#### [GIVEN INFORMATION]
▶

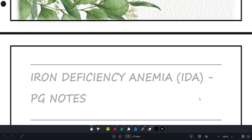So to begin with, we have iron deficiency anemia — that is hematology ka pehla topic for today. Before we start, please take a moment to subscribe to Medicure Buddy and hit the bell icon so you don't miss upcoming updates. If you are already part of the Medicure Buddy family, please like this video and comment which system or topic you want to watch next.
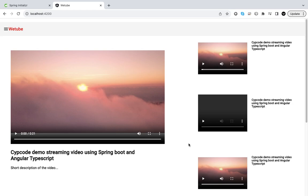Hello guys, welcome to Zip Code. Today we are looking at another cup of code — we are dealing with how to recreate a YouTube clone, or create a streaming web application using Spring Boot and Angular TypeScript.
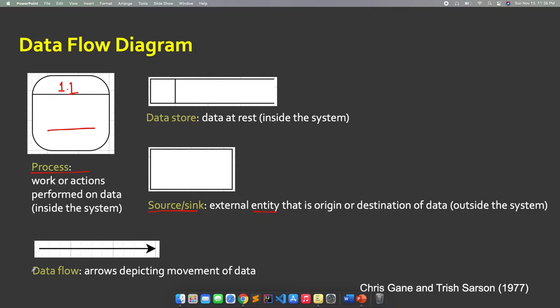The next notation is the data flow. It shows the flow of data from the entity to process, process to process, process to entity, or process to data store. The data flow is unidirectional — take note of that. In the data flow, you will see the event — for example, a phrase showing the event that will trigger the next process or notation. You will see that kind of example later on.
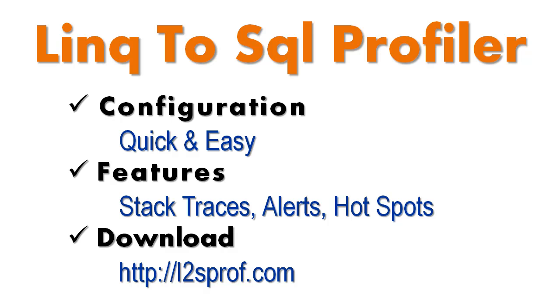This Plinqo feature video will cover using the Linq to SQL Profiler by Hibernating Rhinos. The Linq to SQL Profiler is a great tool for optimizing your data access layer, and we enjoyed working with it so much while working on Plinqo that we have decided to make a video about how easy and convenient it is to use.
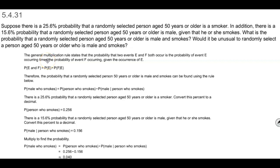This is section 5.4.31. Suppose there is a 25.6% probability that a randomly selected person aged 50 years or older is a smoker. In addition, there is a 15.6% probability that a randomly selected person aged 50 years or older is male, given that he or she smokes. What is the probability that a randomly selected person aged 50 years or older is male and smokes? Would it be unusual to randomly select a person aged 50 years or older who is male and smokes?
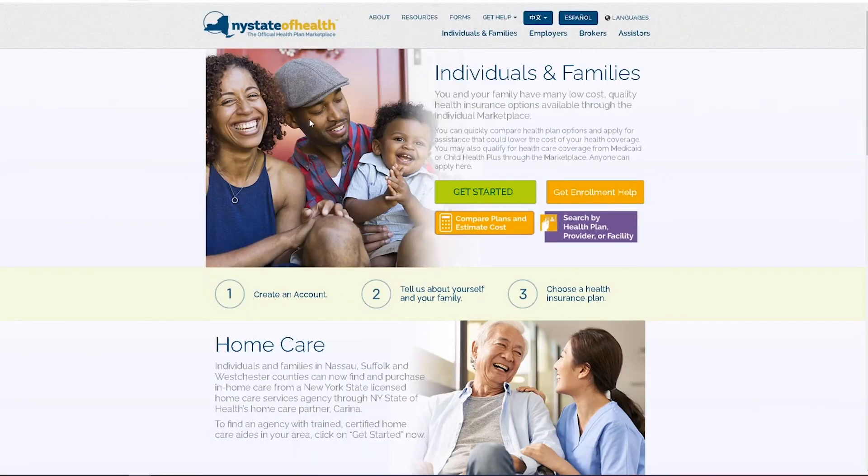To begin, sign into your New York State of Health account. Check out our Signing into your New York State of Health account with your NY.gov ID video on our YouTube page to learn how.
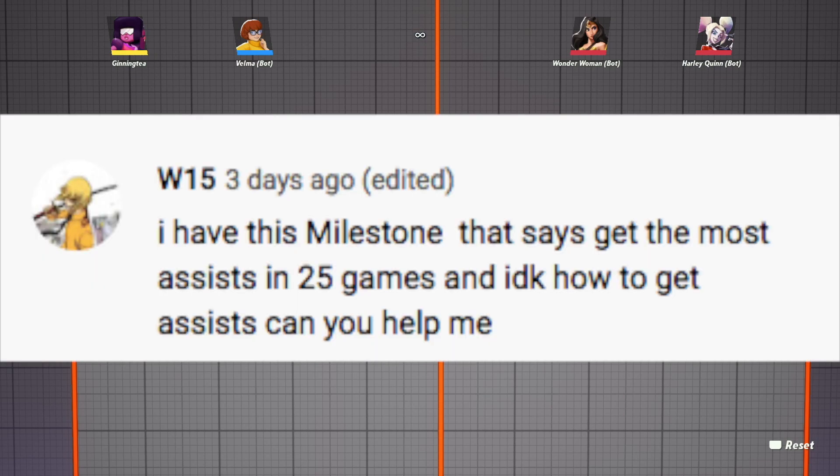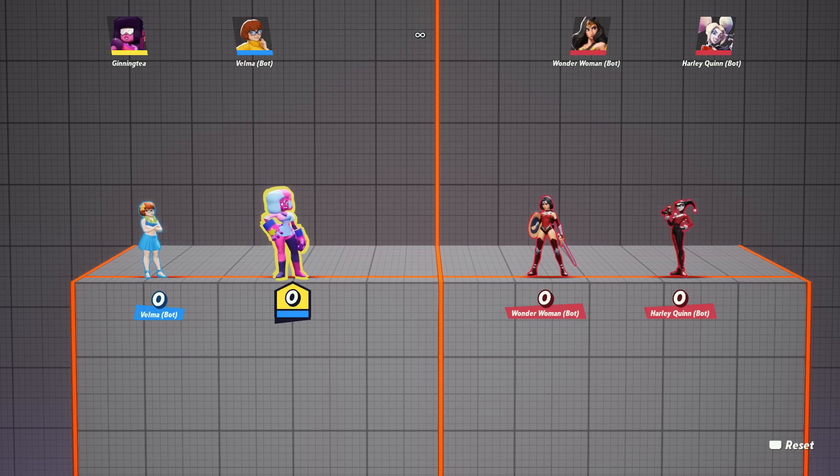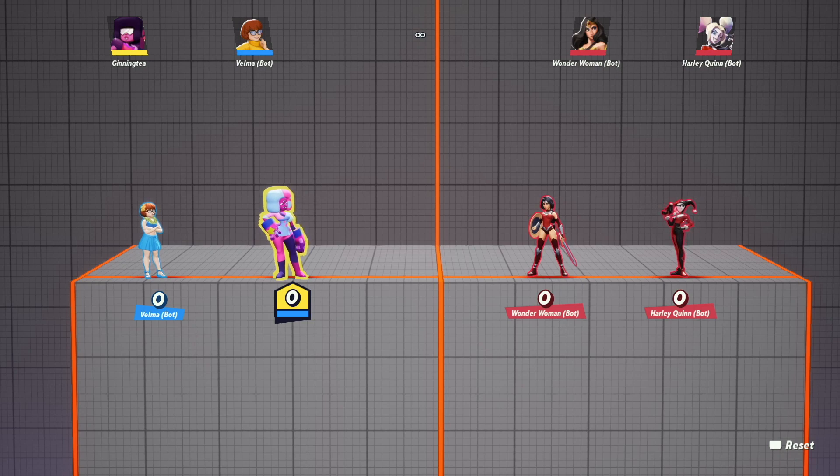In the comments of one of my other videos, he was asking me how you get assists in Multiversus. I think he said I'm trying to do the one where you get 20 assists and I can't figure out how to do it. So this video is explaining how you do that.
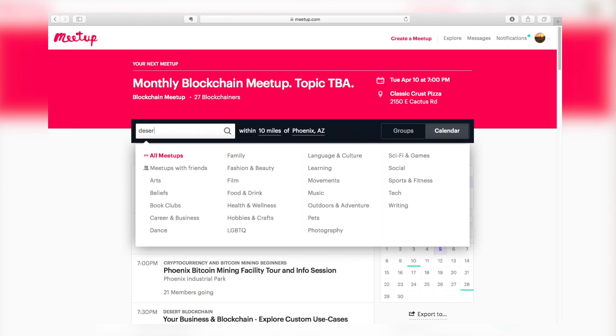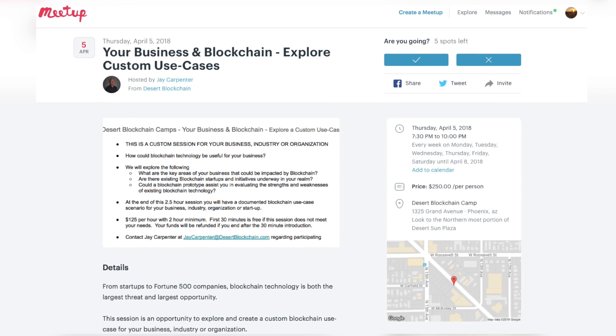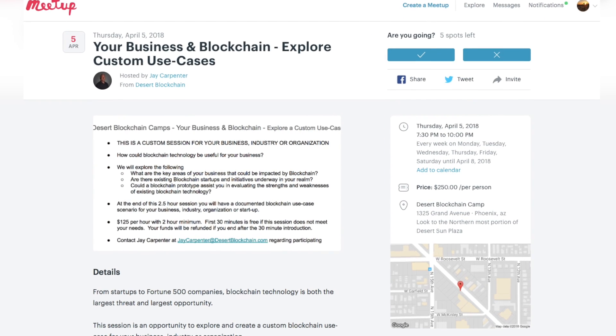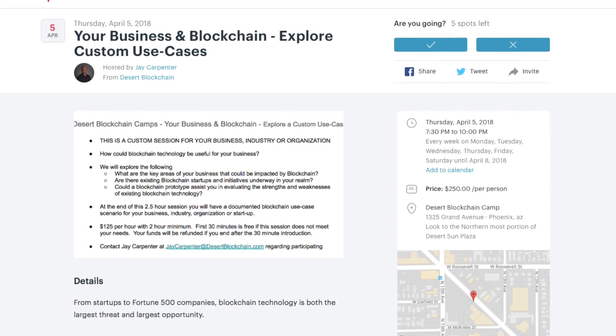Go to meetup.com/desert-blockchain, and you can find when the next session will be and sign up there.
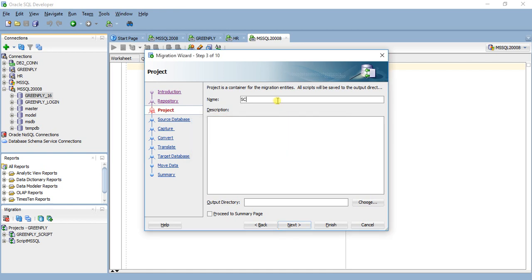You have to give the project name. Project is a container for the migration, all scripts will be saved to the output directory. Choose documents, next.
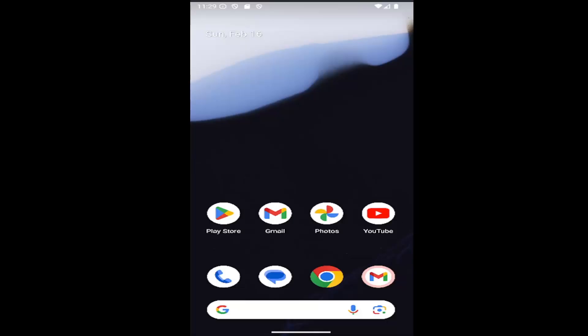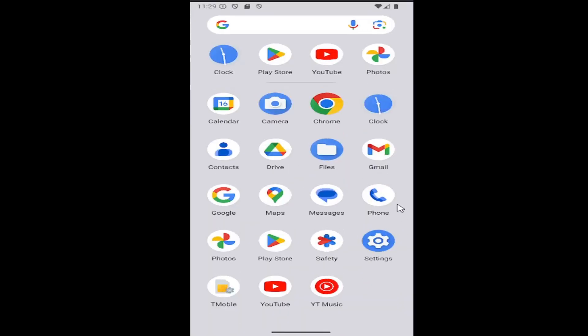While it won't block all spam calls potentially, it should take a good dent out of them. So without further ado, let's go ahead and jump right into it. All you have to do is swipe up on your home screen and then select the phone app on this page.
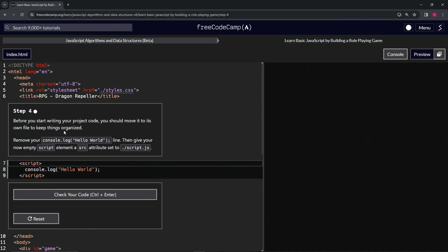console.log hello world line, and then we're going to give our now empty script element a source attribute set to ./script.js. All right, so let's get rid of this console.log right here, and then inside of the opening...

◀
▶

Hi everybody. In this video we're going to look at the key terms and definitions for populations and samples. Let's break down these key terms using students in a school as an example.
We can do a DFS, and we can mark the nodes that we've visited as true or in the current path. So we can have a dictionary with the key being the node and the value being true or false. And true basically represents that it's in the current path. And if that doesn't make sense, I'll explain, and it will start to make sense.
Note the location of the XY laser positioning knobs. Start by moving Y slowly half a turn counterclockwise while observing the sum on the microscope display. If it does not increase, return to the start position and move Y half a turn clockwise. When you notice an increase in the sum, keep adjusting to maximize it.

◀

#### [WHAT YOU HAVE TO DO]
In the listing above, find the line with "Go to meetup.com/desert-blockchain, and" and the line with "console.log hello world". Set down exactly those lines and everything between them, skipping pictures.

#### [SOLUTION TO THIS TASK]
Go to meetup.com/desert-blockchain, and you can find when the next session will be and sign up there.
You have to give the project name. Project is a container for the migration, all scripts will be saved to the output directory. Choose documents, next.
While it won't block all spam calls potentially, it should take a good dent out of them. So without further ado, let's go ahead and jump right into it. All you have to do is swipe up on your home screen and then select the phone app on this page.
console.log hello world line, and then we're going to give our now empty script element a source attribute set to ./script.js. All right, so let's get rid of this console.log right here, and then inside of the opening...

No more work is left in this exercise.